The generated Docker image uses the following directory structure:

Path	Contents
`/opt/byob/code/`	Benchmark Python module(s)
`/opt/byob/data/`	Dataset file(s)
`/opt/byob_pkg/`	Compiled namespace package
`/opt/metadata/`	Framework metadata for harness discovery

Note

The image entrypoint is pre-configured so that nemo-evaluator run_eval can discover the benchmark without any additional path setup.

Push to Registry#

Build and push in a single command:

nemo-evaluator-byob my_benchmark.py --push registry.example.com/my-bench:latest

The --push flag implies --containerize automatically. Make sure you are authenticated with the target registry before pushing (e.g., docker login).

Requirements#

Pip dependencies declared in the @benchmark(requirements=[...]) parameter are installed inside the container during the build step. This ensures the runtime environment matches the declared dependencies exactly.

@benchmark(
    name="medmcqa",
    dataset="hf://openlifescienceai/medmcqa?split=validation",
    prompt="Q: {question}\nA:",
    target_field="cop",
    requirements=["datasets"],
)

Warning

If a requirement is missing from the requirements list, the container will fail at runtime with an ImportError.

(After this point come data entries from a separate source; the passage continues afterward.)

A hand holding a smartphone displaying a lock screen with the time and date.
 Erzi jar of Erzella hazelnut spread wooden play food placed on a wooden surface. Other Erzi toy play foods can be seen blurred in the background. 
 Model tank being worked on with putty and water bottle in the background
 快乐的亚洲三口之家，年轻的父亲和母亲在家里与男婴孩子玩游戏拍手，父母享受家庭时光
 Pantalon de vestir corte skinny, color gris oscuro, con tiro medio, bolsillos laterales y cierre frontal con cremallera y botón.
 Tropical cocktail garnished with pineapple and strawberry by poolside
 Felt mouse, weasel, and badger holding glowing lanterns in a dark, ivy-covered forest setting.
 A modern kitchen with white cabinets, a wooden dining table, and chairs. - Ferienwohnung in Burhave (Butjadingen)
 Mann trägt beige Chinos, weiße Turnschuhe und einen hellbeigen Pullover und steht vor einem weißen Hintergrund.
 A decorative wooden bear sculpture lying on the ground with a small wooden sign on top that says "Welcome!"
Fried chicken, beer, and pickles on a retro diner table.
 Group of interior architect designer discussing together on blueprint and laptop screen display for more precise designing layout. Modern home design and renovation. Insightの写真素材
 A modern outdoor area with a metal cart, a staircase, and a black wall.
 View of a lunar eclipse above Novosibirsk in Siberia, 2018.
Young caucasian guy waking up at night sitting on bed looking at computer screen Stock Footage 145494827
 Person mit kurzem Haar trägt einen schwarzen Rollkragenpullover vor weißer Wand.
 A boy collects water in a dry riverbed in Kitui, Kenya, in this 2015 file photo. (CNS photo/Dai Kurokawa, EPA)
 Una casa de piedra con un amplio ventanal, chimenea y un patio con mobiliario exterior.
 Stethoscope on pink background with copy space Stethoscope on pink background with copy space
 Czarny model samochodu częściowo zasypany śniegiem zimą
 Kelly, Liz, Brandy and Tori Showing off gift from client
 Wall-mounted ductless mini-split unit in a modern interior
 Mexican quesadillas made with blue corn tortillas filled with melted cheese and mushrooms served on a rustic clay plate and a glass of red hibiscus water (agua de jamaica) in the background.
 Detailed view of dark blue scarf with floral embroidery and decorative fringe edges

Use --check-requirements during compilation to verify that all declared packages are importable.

Running with Launcher#

Once the image is pushed to a registry, reference it in a NeMo Evaluator Launcher configuration file:

defaults:
  - execution: local
  - deployment: none
  - _self_

evaluation:
  tasks:
    - name: byob_my_qa.my-qa
      container: registry.example.com/my-bench:latest # or just local container name

The name field must match the eval_type produced by compilation. Use nemo-evaluator-byob --list to confirm the exact value.

Tip

For multi-task evaluation, add multiple entries under tasks, each pointing to a different containerized benchmark image.